In his landmark study The Gift Relationship, Richard Titmuss said of blood donors: "In not asking for or expecting any payment, these donors signified their belief in the willingness of others to act altruistically in the future, and to make a gift freely available should they have a need for it." He goes on to say that this is not altruism, but serial reciprocity, a characteristic of voluntary action.

What are we to make of the donations to the various tsunami appeals?

As I write, the DEC announces the closure of its appeal (good on it) with more than £300m donated, though other appeals continue. Do all these donors expect that in time of need - terrorism, flooding, civil catastrophe - other people whom we shall never meet, whose names we shall never know, will be prepared to help us? I believe we do, though we have only the vaguest idea of the circumstances in which that help will be forthcoming.
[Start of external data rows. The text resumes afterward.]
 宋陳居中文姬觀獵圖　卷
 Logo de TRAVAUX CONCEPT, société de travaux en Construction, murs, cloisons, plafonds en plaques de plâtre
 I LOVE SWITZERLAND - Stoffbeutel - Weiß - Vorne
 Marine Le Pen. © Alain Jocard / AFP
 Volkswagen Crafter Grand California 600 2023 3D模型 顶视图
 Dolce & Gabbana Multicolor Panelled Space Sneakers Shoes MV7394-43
That vague idea is charity.

It's apt this tsunami appeal should have happened in the year of the volunteer, and that it has turned out to be a much bigger declaration of belief in charity than any official label. In the UK every year is the year of the volunteer - despite the repeated obituaries for charitable action - but it is demonstrated through causes and means of giving that fit the times.
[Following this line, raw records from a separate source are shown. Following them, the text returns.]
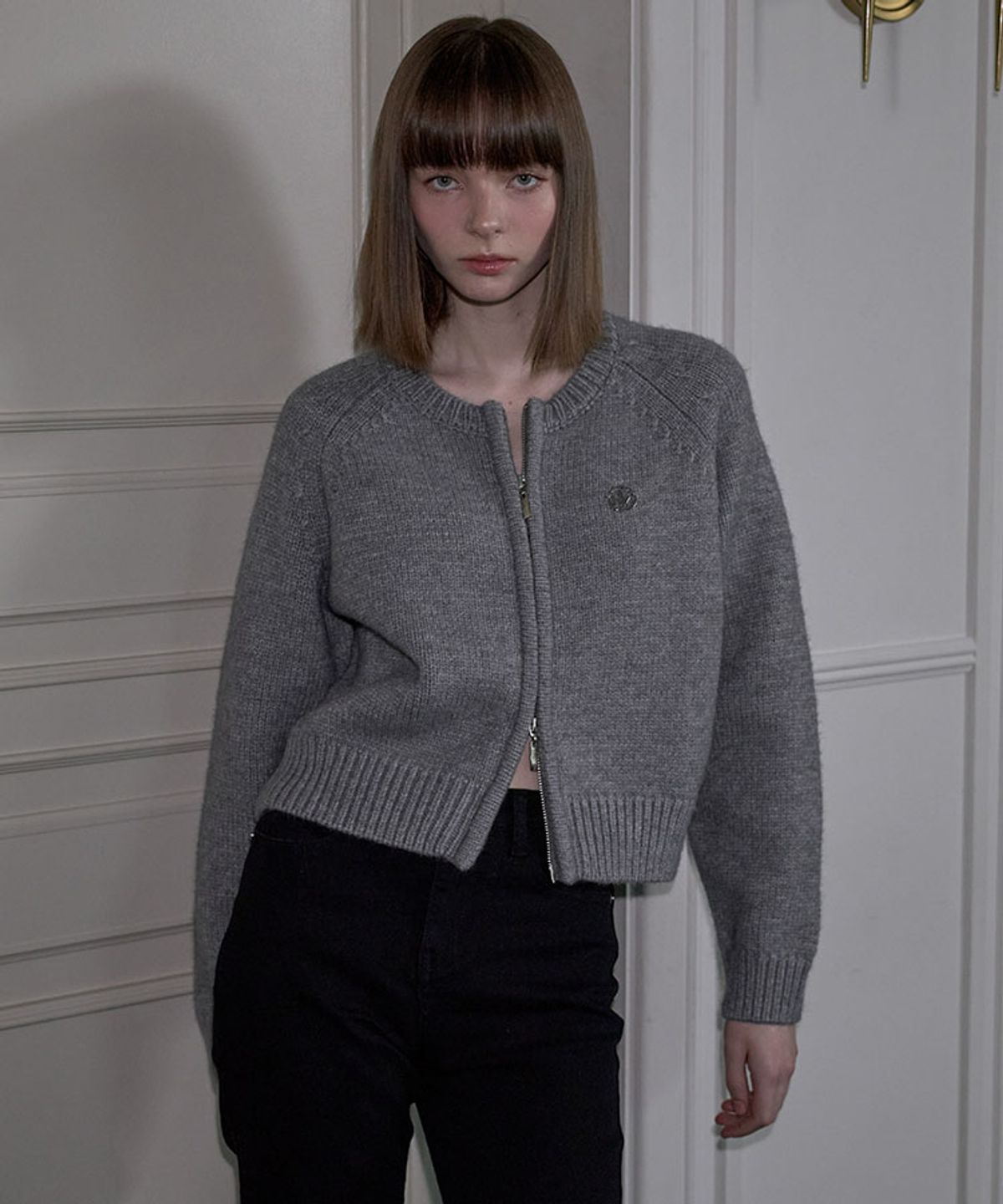 로제프란츠(ROSEFRANTZ) Two-way Knit Cardigan [Gray]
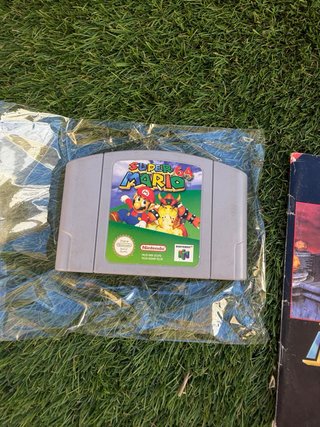 Super Mario 64 Cartucho y Manual N64 EUR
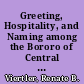 Greeting, Hospitality, and Naming among the Bororo of Central Brazil. Working Papers in Sociolinguistics Number 37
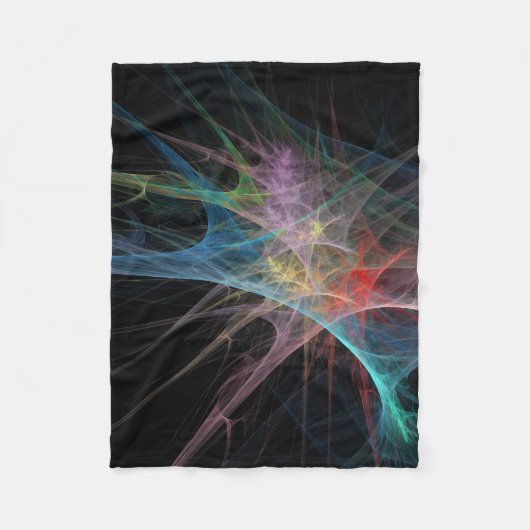 Abstrakte Kunst Regenbogen Eis Fleecedecke (Vorderseite)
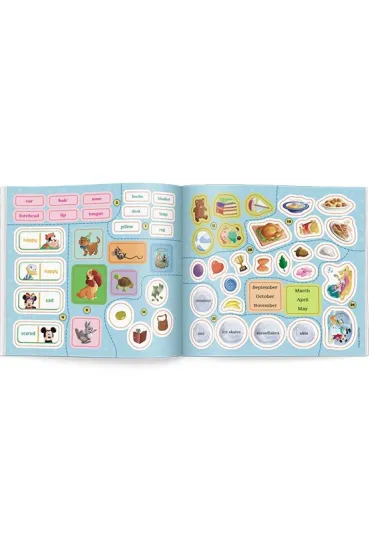 DISNEY UCZY MIX.  Elementarz j�zyka angielskiego. �wiczenia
The idea that we have a communal duty to the weak and vulnerable is embodied in the Statute of Charitable Uses of 1601, which codified existing social mores. Opinion has swung back and forth over the intervening centuries, but we still have a shared but unspoken idea of what is the business of the state and therefore funded by taxation, what is the responsibility of the individual and the family, and what is charitable or voluntary.

One reason the debate over the Charities Bill has been so difficult is that we are trying to give voice to concepts we don't normally articulate - they are woven so deeply into the texture of British society we don't often have to.
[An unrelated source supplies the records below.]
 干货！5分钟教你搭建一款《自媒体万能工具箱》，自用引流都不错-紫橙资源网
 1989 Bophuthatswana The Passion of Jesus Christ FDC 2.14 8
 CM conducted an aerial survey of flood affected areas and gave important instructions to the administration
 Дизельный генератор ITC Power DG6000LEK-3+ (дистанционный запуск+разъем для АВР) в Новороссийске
One way in which we express this is in elections: voting patterns demonstrate what we expect of taxation and therefore the part played by government in combination with us and others. And in the past 60 years, not much has changed, despite Thatcher's denial of the existence of community and the incursions of Blair's Government into markets. This is not a frontier society in which, if we don't do it for ourselves, no one else will; nor is it one in which the markets restrict and coerce every decision ... yet.